### WHAT THE TASK REQUIRES
Write out, please, each line from the one containing "Personenauto opel, astra" to the final line of the data, both included, exactly and without pictures.

### MATERIAL FOR THIS TASK
---------------

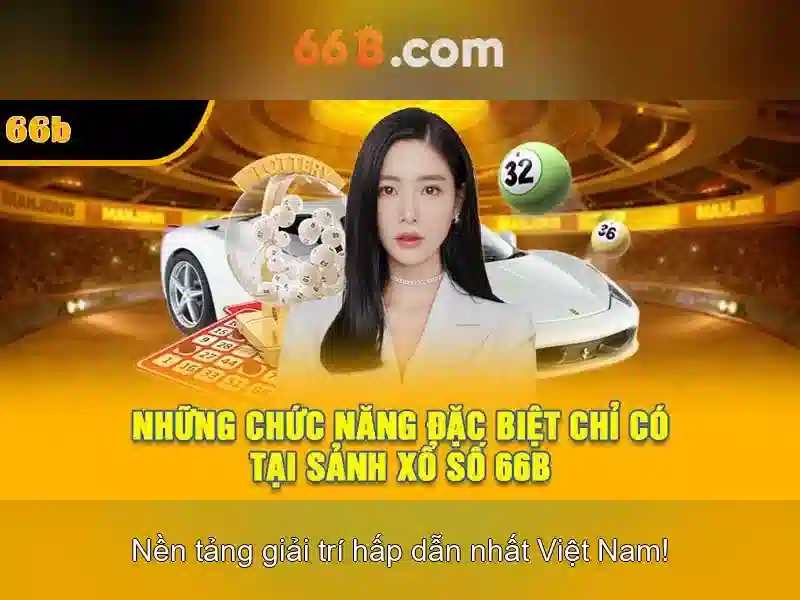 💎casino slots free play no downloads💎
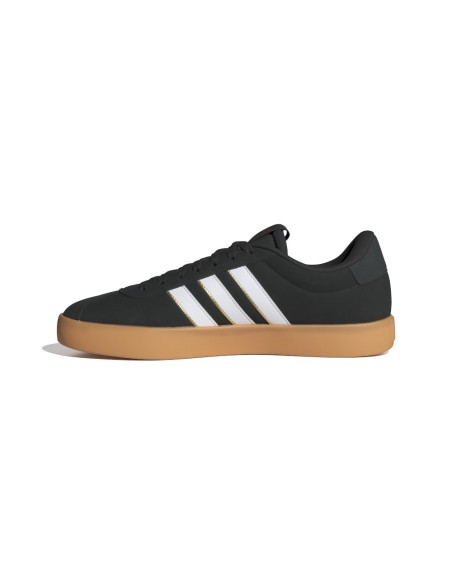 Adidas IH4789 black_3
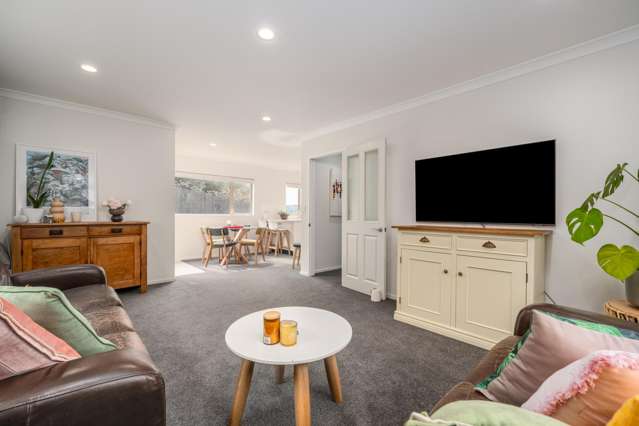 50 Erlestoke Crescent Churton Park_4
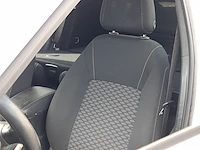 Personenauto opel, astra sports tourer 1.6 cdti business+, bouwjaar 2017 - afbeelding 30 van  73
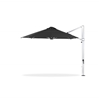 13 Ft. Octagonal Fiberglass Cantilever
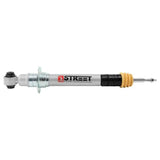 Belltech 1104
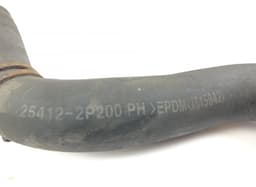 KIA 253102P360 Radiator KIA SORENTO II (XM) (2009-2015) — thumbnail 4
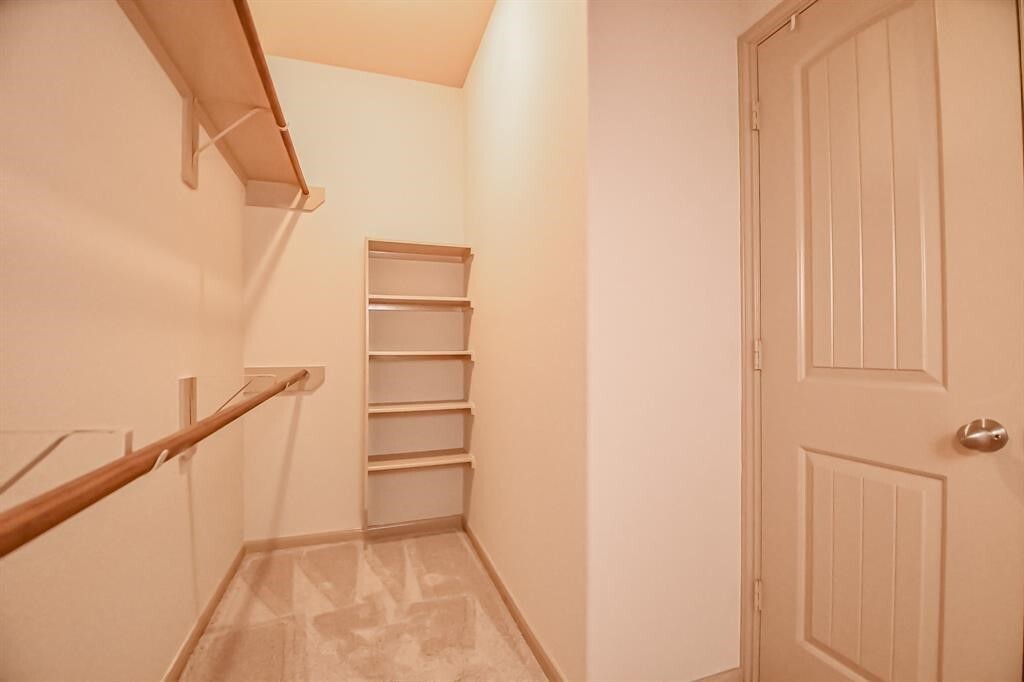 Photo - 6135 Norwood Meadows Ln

---------------

### OUTPUT FOR THIS TASK
 Personenauto opel, astra sports tourer 1.6 cdti business+, bouwjaar 2017 - afbeelding 30 van  73
 13 Ft. Octagonal Fiberglass Cantilever
 Belltech 1104
 KIA 253102P360 Radiator KIA SORENTO II (XM) (2009-2015) — thumbnail 4
 Photo - 6135 Norwood Meadows Ln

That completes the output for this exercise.